If your server runs on PHP, you need to update it right away. Two serious security flaws have been found in PHP that can put your website or app at risk. These bugs can be used by attackers to run SQL injection attacks or crash your service completely.
The two vulnerabilities are tracked as CVE-2025-1735 and CVE-2025-6491. They affect multiple versions of PHP, and patches are now available. So, updating your PHP version is the only way to stay safe.
1. CVE-2025-1735 – SQL Injection via PostgreSQL Extension
This one is serious. It affects the PostgreSQL extension in PHP and happens because PHP is not checking for errors properly when escaping strings.
When your app sends data to a PostgreSQL database, PHP is supposed to clean that data to prevent SQL injection. But here, PHP fails to pass error-checking parameters to the escape function. That means even if something goes wrong, the system does not know it. This can allow attackers to inject malicious SQL commands.
The bug is linked to a known issue in PostgreSQL itself (CVE-2025-1094). PHP’s own handling of the error is what makes it worse. And if the return value from the escape function is NULL, PHP still continues – which can lead to app crashes or unexpected behavior.

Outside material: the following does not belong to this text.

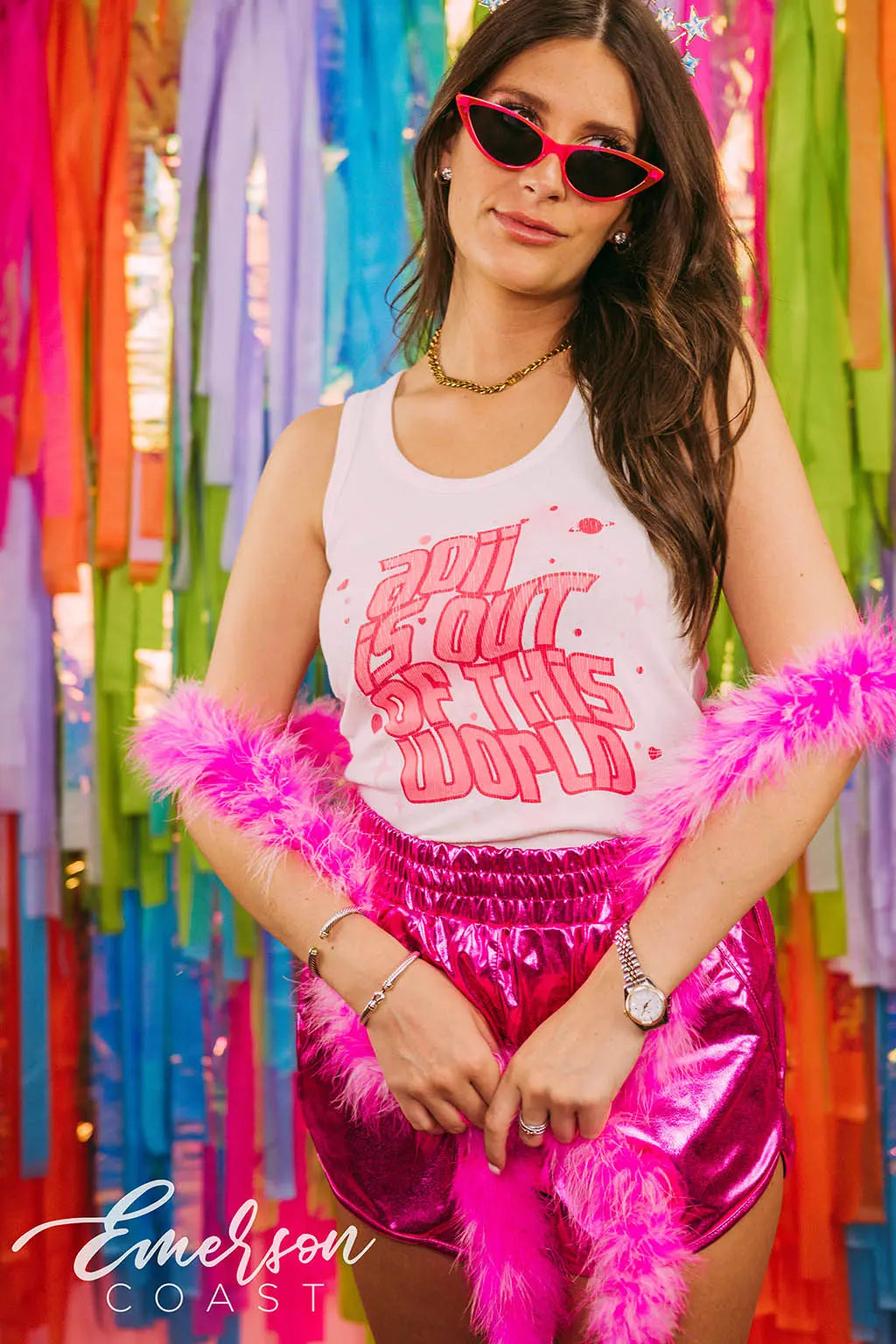 AOII Out of this World Bid Day Tank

This vulnerability has a CVSS score of 9.1, which is critical.
2. CVE-2025-6491 – SOAP Extension Crash Bug
The second bug affects PHP’s SOAP extension. If someone creates a SoapVar object with a name longer than 2GB, it causes PHP to crash immediately.
This happens because older versions of libxml2 (used by PHP) cannot handle such long names. When that happens, PHP tries to use a NULL name value, and the app crashes with a segmentation fault.
The result? Your service goes down. This is a Denial of Service (DoS) vulnerability. It has a CVSS score of 5.9, which is moderate, but the impact can still be big if your app relies on SOAP.
Who Is Affected and What Should You Do?
If you are using any PHP version below 8.1.33, 8.2.29, 8.3.23, or 8.4.10, you are at risk. Even early versions of PHP 8.5.0-dev are vulnerable if used with older libxml2.
These issues affect any server with the PostgreSQL or SOAP extensions enabled.
To keep your server and application safe, update your PHP version immediately to any of the following patched versions: PHP 8.1.33, PHP 8.2.29, PHP 8.3.23, and PHP 8.4.10. These versions fix both problems and restore proper error handling.